1. Create your own letterbox.
You’ll need a water-sealed box for your letterbox. It can be as simple as a disposable container you get at the grocery store. Inside the letterbox, you’ll need the following:
- Stamp for letterbox
- Zip top bag
- Inkpad (optional)
- Letterbox explanation (optional)
2. Name your letterbox.
You want to name your letterbox. It’s more fun looking for the “Looney Cartoony Box”. You may want to name your letterbox for the location, stamp or another reason that makes sense to you. Sometimes you’ll see that letterboxes are placed and part of a series. If so, you may want to use consistency in naming your letterboxes.
3. Label your logbook.
On your letterbox logbook, write the name of the letterbox, the date it is placed and your contact information. Stamp the first page with the stamp for your letterbox. If something happens to your letterbox, your hunters can contact you.
4. Label your letterbox.
Put a label on the inside lid of your box. Include the letterbox name and your contact information in case the letterbox needs attention. If you don’t want people to have your phone number, you can include an email address. A sample of what you might put on the label:
Please do not destroy.
I hope you enjoy the contents of this letterbox. Please reseal and replace where found. If you’re new to letterboxing, find out more online. If the contents are damaged / missing, please contact at .
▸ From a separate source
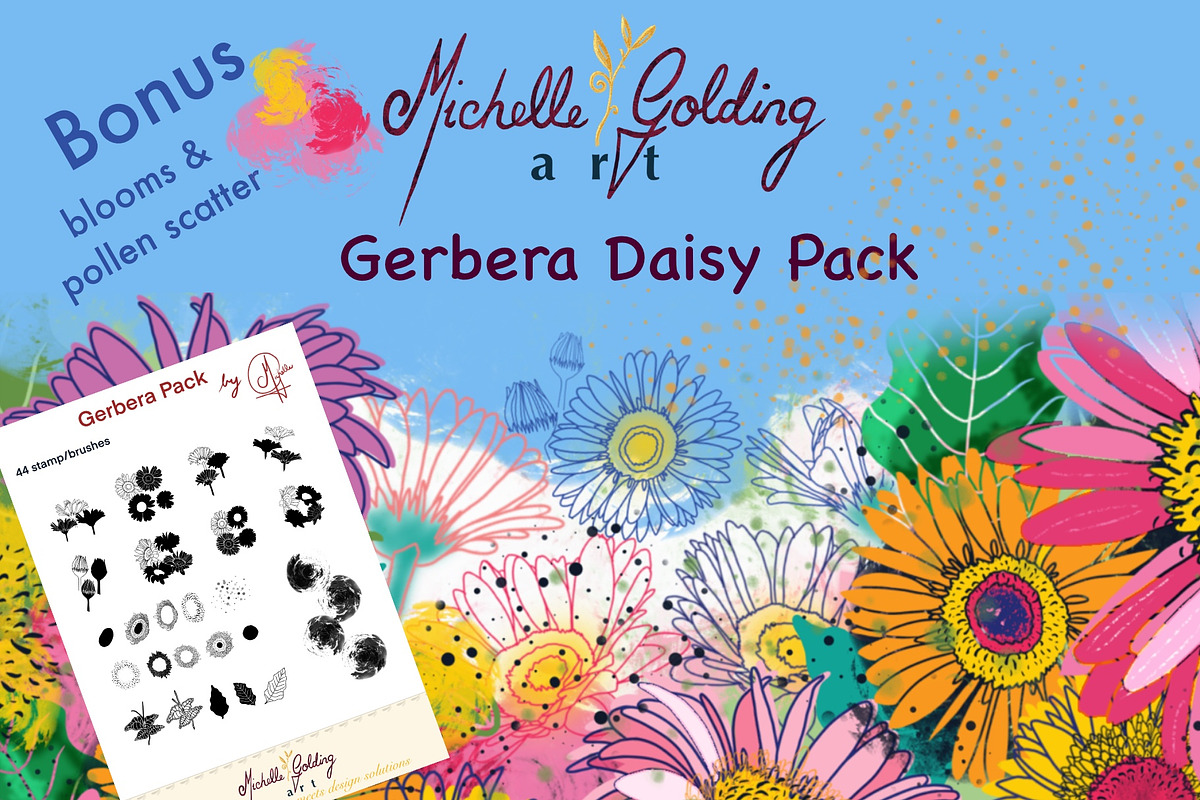 Gerbera Daisy Brush Pack Procreate, a Brush Add-On by Michelle Golding Art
You may wish to use packing tape to help protect the paper or laminate and attach it.
5. Track your letterbox.
Before you place your letterbox, be sure you have a way to track it. This isn’t the activity that happens. That’s what the logbook is for. You want to track when you placed it, when you visited to make sure it was still there, what you needed to fix, if you relocated it as well as all the information to recreate it.
6. Place a letterbox.
Do not just place a letterbox anywhere. Some places require that you have a license to do so. Some places do not allow you to place letterboxes as it means more traffic and damage to natural areas (National Parks). Before placing a letterbox, check with your local Department of Natural Resources, other governing groups and federal/state laws about the possibility of placing your letterbox.
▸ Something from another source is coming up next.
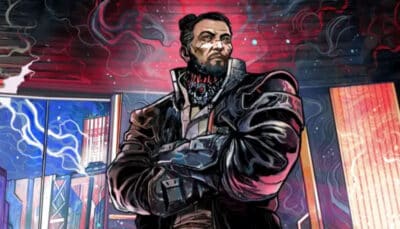 Goro Takemura stands with crossed arms against a neon soaked Night City backdrop in Cyberpunk TCG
NOTE: Some letterboxes are placed indoors as well with a task that needs to be completed or a question answered before they gain access.
Clue it in
7. Write a clue.
Writing a clue can be fun. You may want to incorporate one or more of the following:
- Number of steps / paces
- Visual identifiers / landmarks
- Cardinal directions (north, south, east, west)
- Compass bearings
- Movement directions (right, left, forward, up, down, etc.)
- Natural features (rivers, ponds, rock formations, etc.)
- Senses (sounds, smells, etc.)
- References to the area / site
8. Test your clue.
While your clue may be easy for you, it may not be for someone else. Test your clue to make sure it works before releasing it to the world.
9. Share your information.
Find a place online or locally to place your clues.
10. Create a kit.
As you maintain your letterbox, create a kit of items you are likely to need. This might include writing utensils, a new logbook, etc. This will save you time if you can fix it on the spot instead of returning later.
11. Check your letterbox.
Set up a schedule to check your letterbox. You’ll need to make sure the clue is still valid, the area is still accessible, all items are in good working order and more.